PROBLEM TO WORK ON.
Only the pictures stay out; every record is to be quoted exactly.

[Brief descriptive captions]
+ + + + + + +
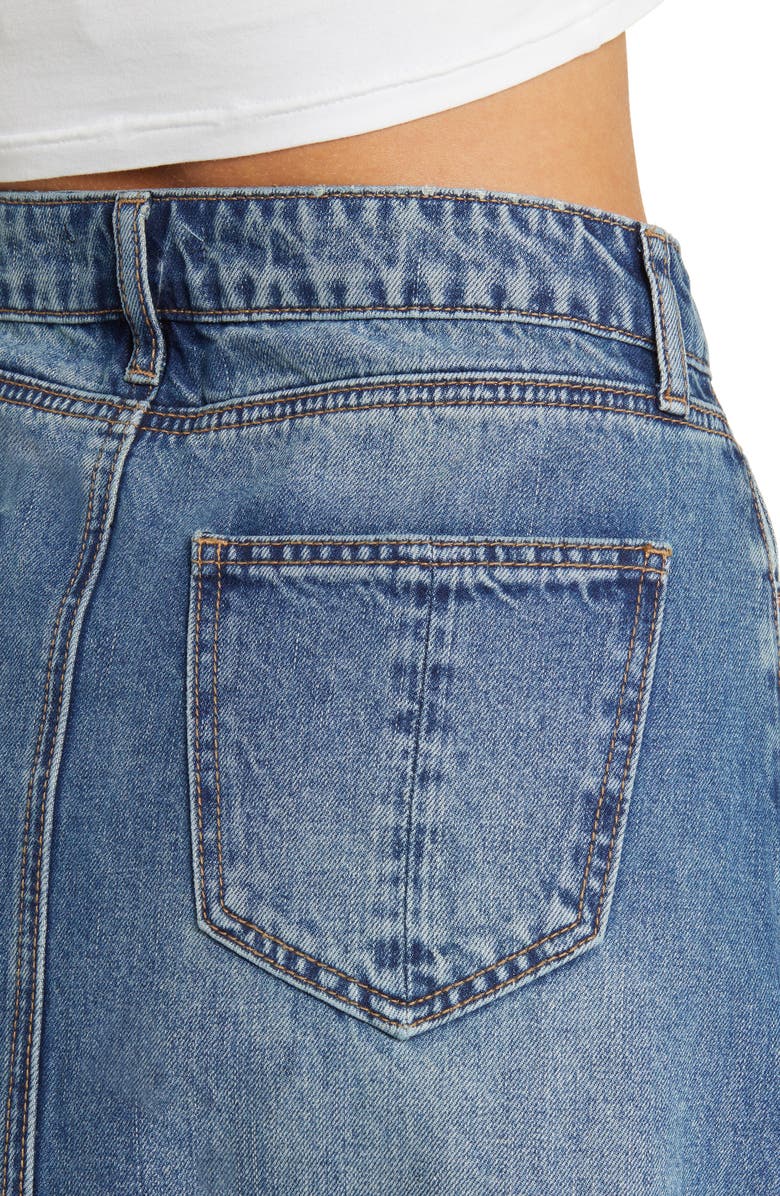 Prosperity Denim Frayed Hem Denim Maxi Skirt, Alternate, color, 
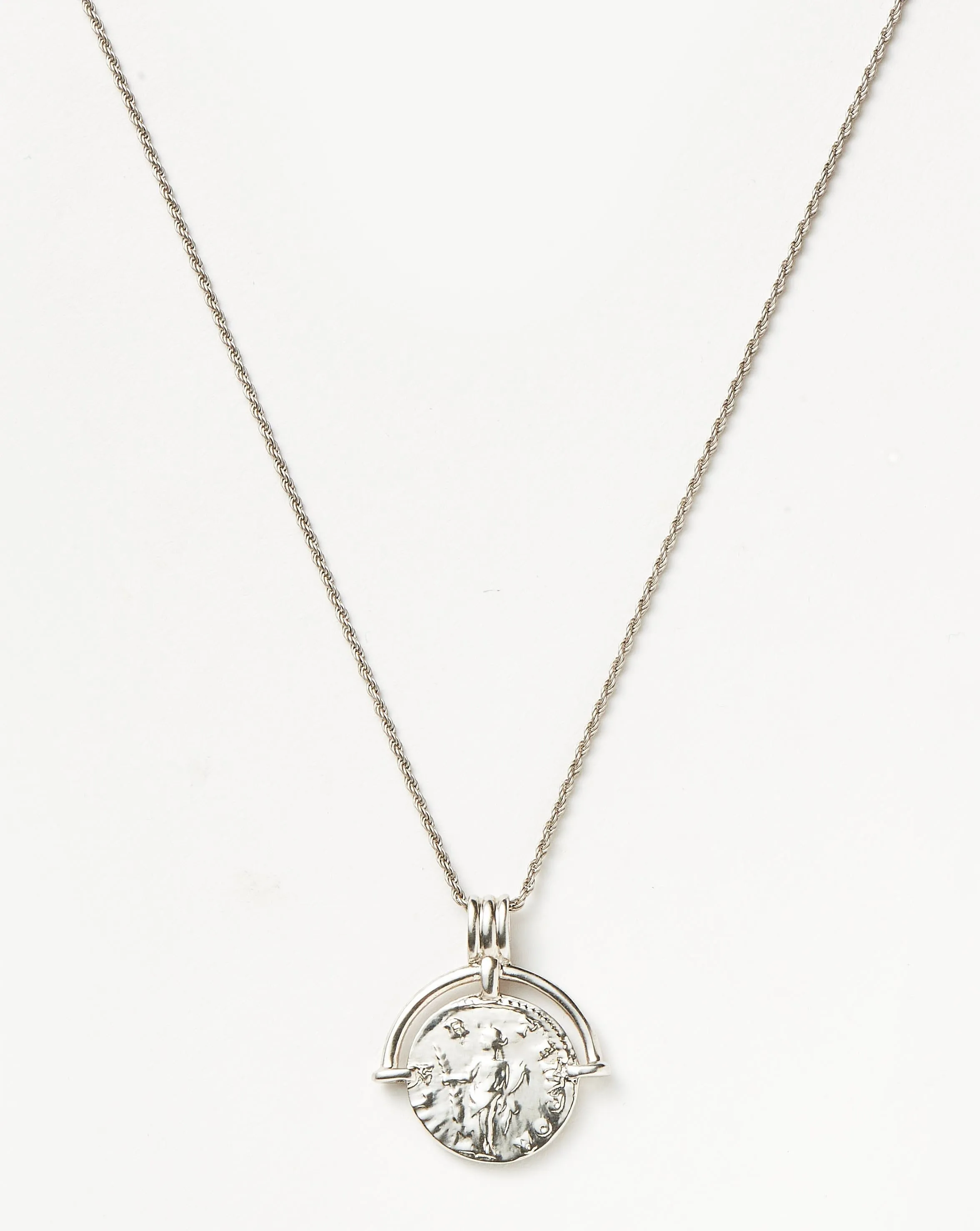 Lucy Williams Long Engravable Roman Arc Coin Necklace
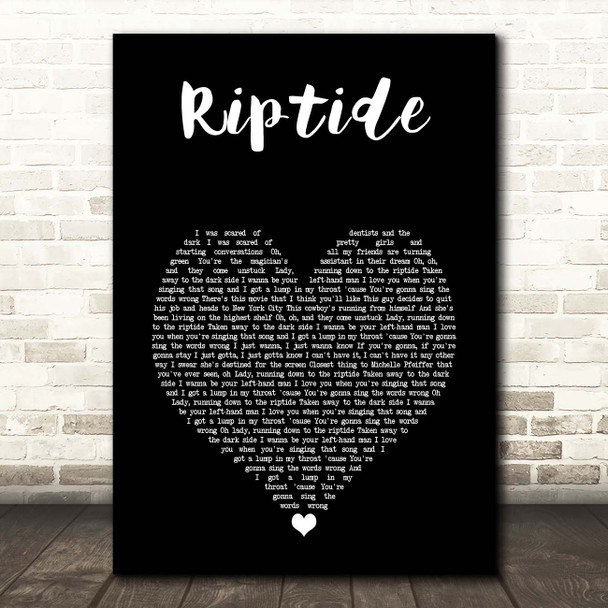 Vance Joy Riptide Black Heart Song Lyric Print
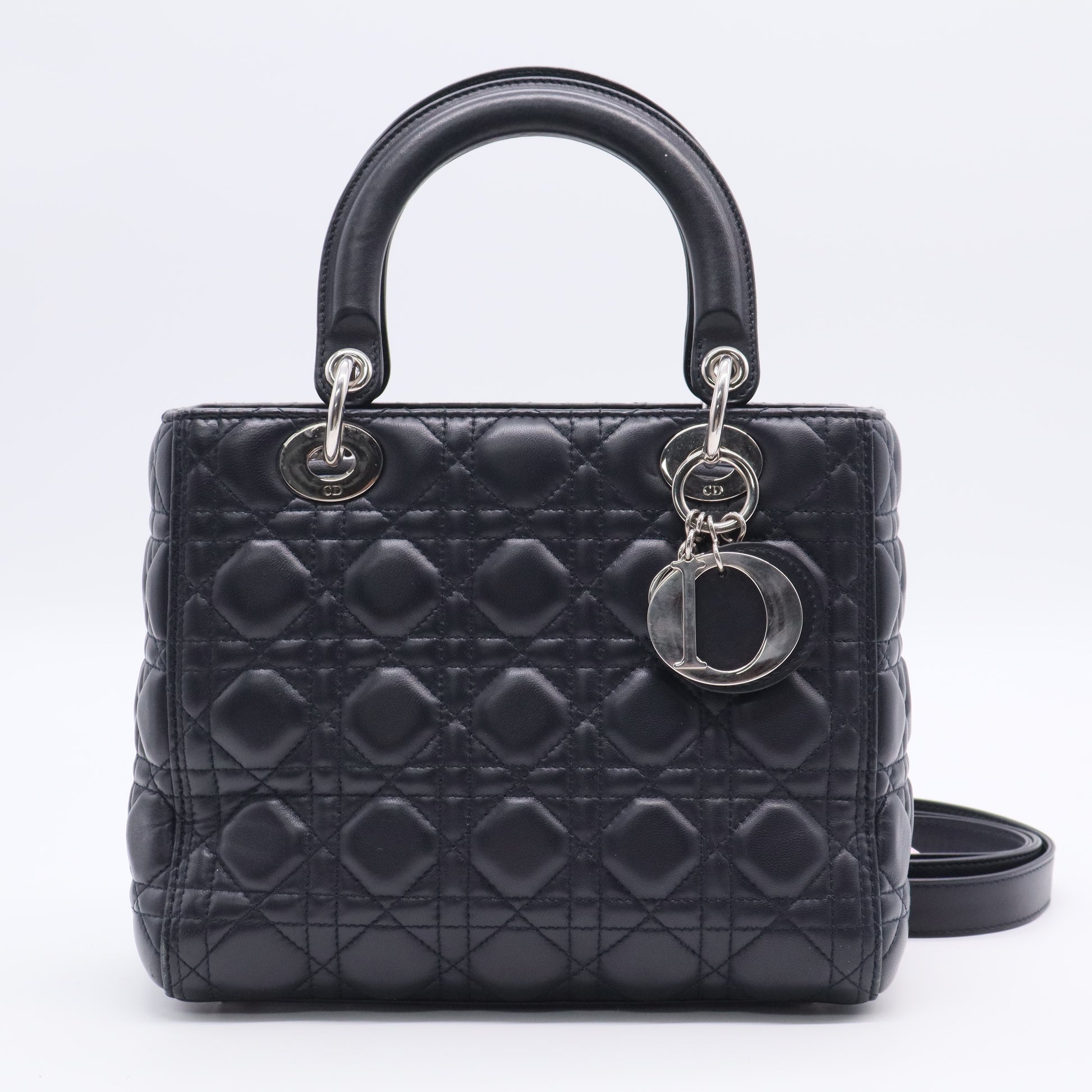 Lambskin Cannage Medium Lady Dior Black Twins LDJ3037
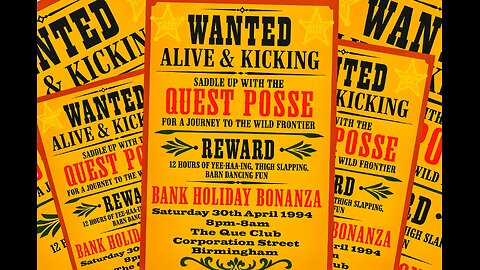 Quest - 'The Wild Frontier' - The Que Club Birmingham - 30.04.1994 - DJ SS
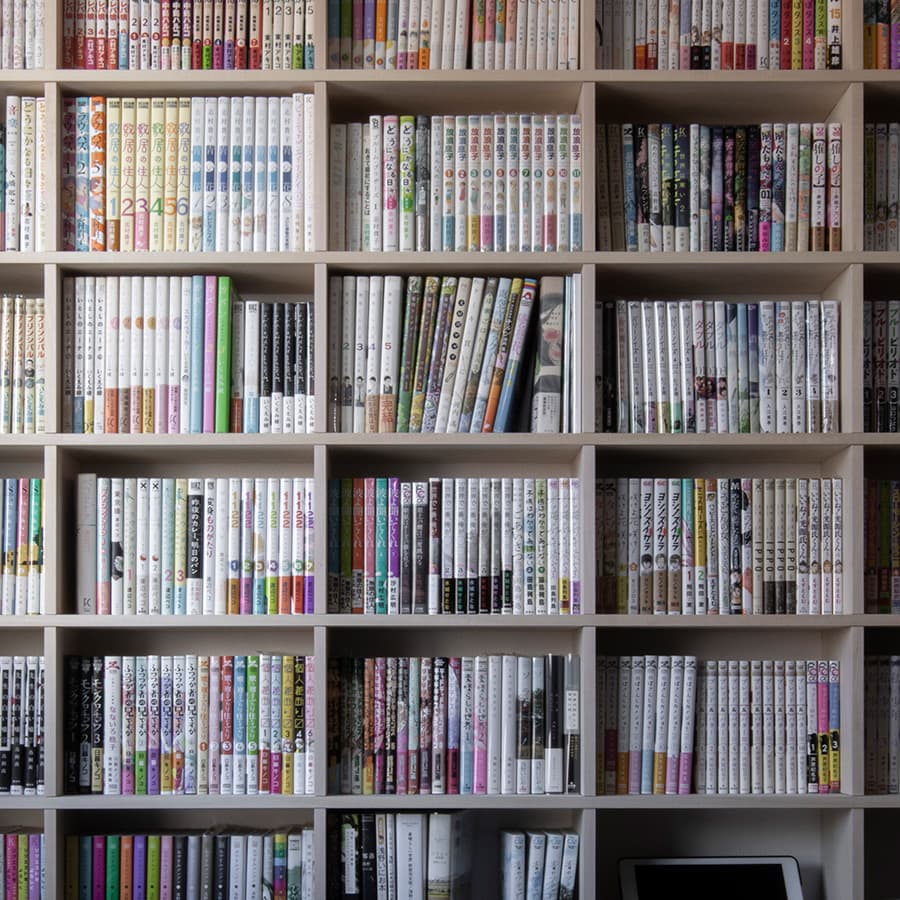 壁一面のA5判本棚 奥行180mm ビジネス書、学術書、文芸雑誌などA5サイズ本の収納に特化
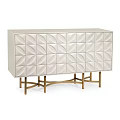 Elegant Modern Entryway Console Cabinet With Beige Geometric Doors And Golden Legs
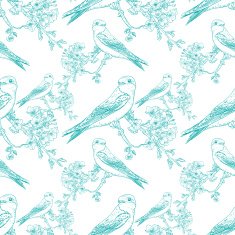 Seamless spring cherry pattern with birds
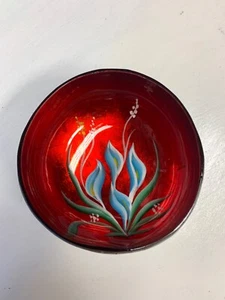 Coconut Shell Bowls Table Decorating Serving Bowls Red Flower - Picture 1 of 3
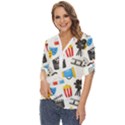 Cinema Icons Pattern Seamless Signs Symbols Collection Icon Zip Up Long Sleeve Blouse View2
+ + + + + + +
ANSWER BELOW.
 Prosperity Denim Frayed Hem Denim Maxi Skirt, Alternate, color, 
 Lucy Williams Long Engravable Roman Arc Coin Necklace
 Vance Joy Riptide Black Heart Song Lyric Print
 Lambskin Cannage Medium Lady Dior Black Twins LDJ3037
 Quest - 'The Wild Frontier' - The Que Club Birmingham - 30.04.1994 - DJ SS
 壁一面のA5判本棚 奥行180mm ビジネス書、学術書、文芸雑誌などA5サイズ本の収納に特化
 Elegant Modern Entryway Console Cabinet With Beige Geometric Doors And Golden Legs
 Seamless spring cherry pattern with birds
 Coconut Shell Bowls Table Decorating Serving Bowls Red Flower - Picture 1 of 3
 Cinema Icons Pattern Seamless Signs Symbols Collection Icon Zip Up Long Sleeve Blouse View2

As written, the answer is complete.